Working data:
BEGIN
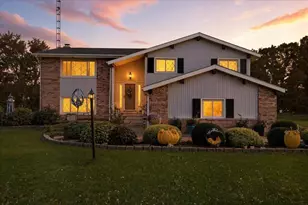 932 Taylortown Rd, Mansfield, OH 44903 - Photo 1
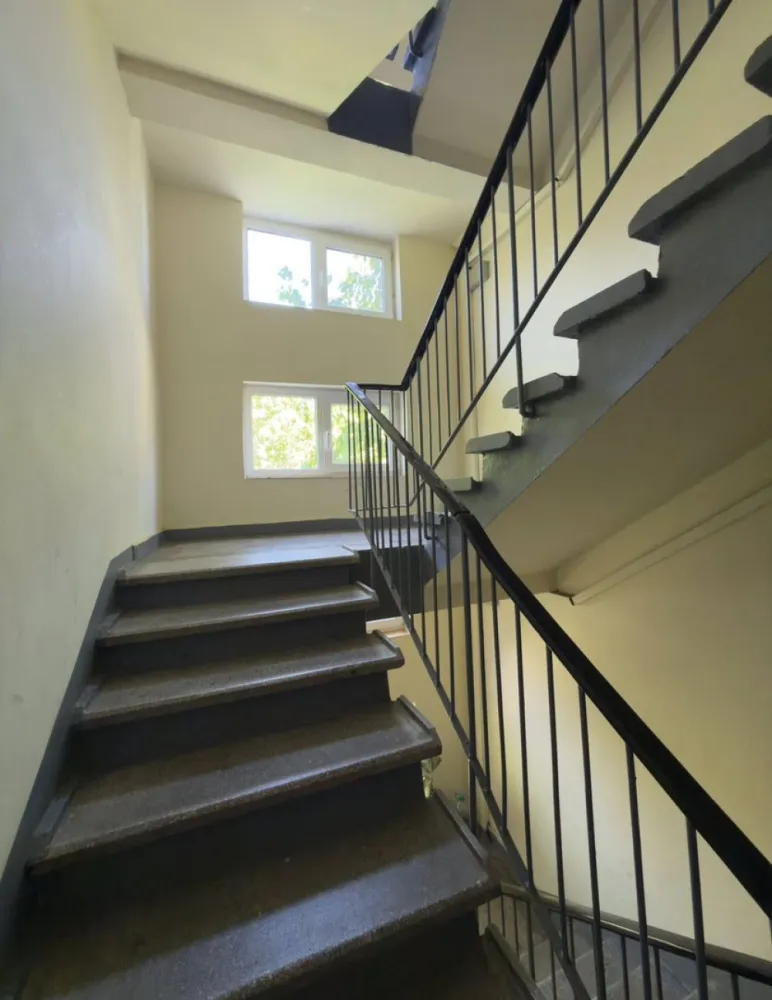 Ap 2 cam tip X - liceul Onisifor Ghibu- 60.000 euro neg - Apartament 2 camere, Aleea Onisifor Ghibu – zonă liniștită, ideal pentru locuit sau investiție

Vă propunem spre vânzare un apartament semidecomandat, situat pe Aleea Onisifor Ghibu, la etajul 4 din 4 al unui bloc de tip X, prevăzut cu acoperiș.

Apartamentul are o suprafață utilă de 37,68 mp și este compartimentat eficient astfel:

living;
dormitor;
bucătărie;
baie cu geam de aerisire.

Locuința necesită anumite renovări, oferind viitorului proprietar posibilitatea de a o amenaja și personaliza după propriul gust și necesități.

Un avantaj important îl reprezintă blocul bine întreținut, cu casa scării recent renovată.

Imobilul este amplasat într-o zonă apreciată pentru liniște și spațiile verzi generoase, având în imediata apropiere Colegiul Național „Onisifor Ghibu”, Lotus Center, farmacii, magazine și alte puncte de interes, asigurând acces facil la toate facilitățile necesare vieții de zi cu zi.

Pentru informații suplimentare și programarea unei vizionări, vă stăm la dispoziție.

Pret; 60.000 euro neg

Tel: 0731.290.032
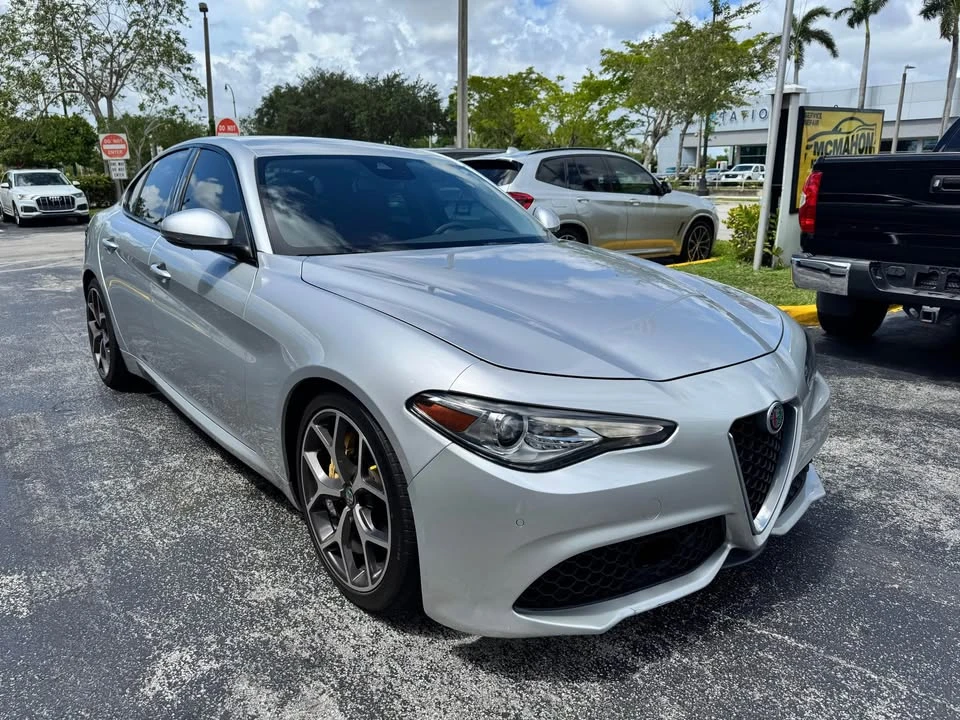 2018 Alfa Romeo Giulia - Image 2 of 17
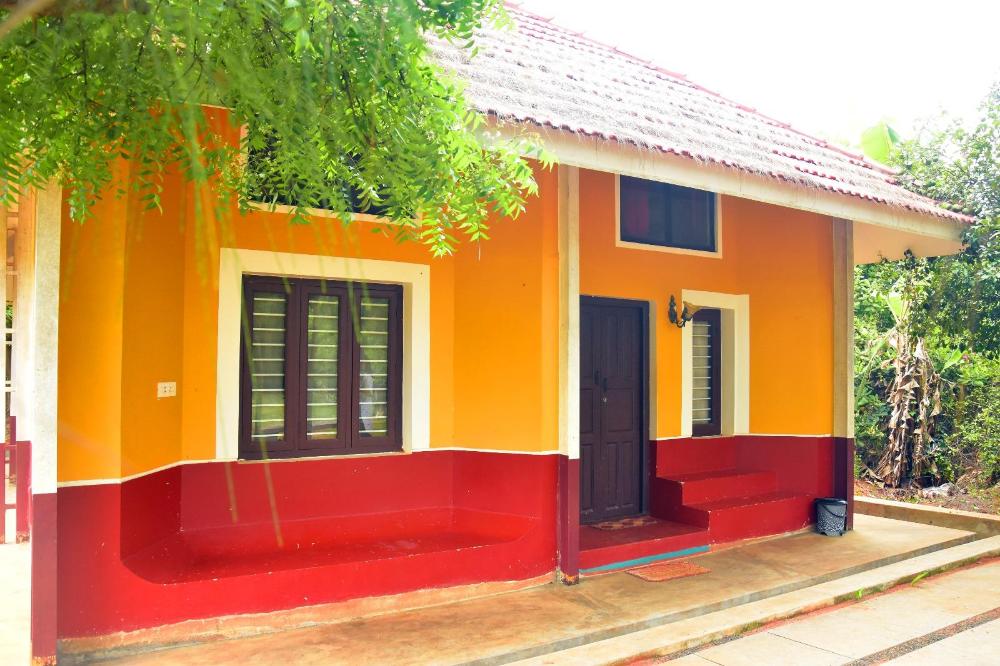 paradise quest nature farm house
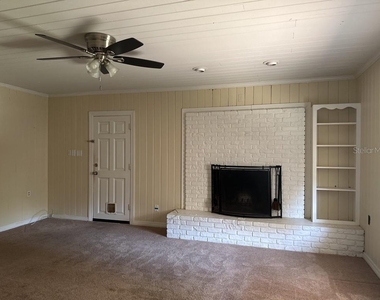815 W Plymouth Street - Photo Thumbnail 9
END
Exercise description:
From the line containing "Locuința necesită anumite" down to the last line of the entries above, set down every line exactly. Omit all pictures.

Your solution:
Locuința necesită anumite renovări, oferind viitorului proprietar posibilitatea de a o amenaja și personaliza după propriul gust și necesități.

Un avantaj important îl reprezintă blocul bine întreținut, cu casa scării recent renovată.

Imobilul este amplasat într-o zonă apreciată pentru liniște și spațiile verzi generoase, având în imediata apropiere Colegiul Național „Onisifor Ghibu”, Lotus Center, farmacii, magazine și alte puncte de interes, asigurând acces facil la toate facilitățile necesare vieții de zi cu zi.

Pentru informații suplimentare și programarea unei vizionări, vă stăm la dispoziție.

Pret; 60.000 euro neg

Tel: 0731.290.032
 2018 Alfa Romeo Giulia - Image 2 of 17
 paradise quest nature farm house
815 W Plymouth Street - Photo Thumbnail 9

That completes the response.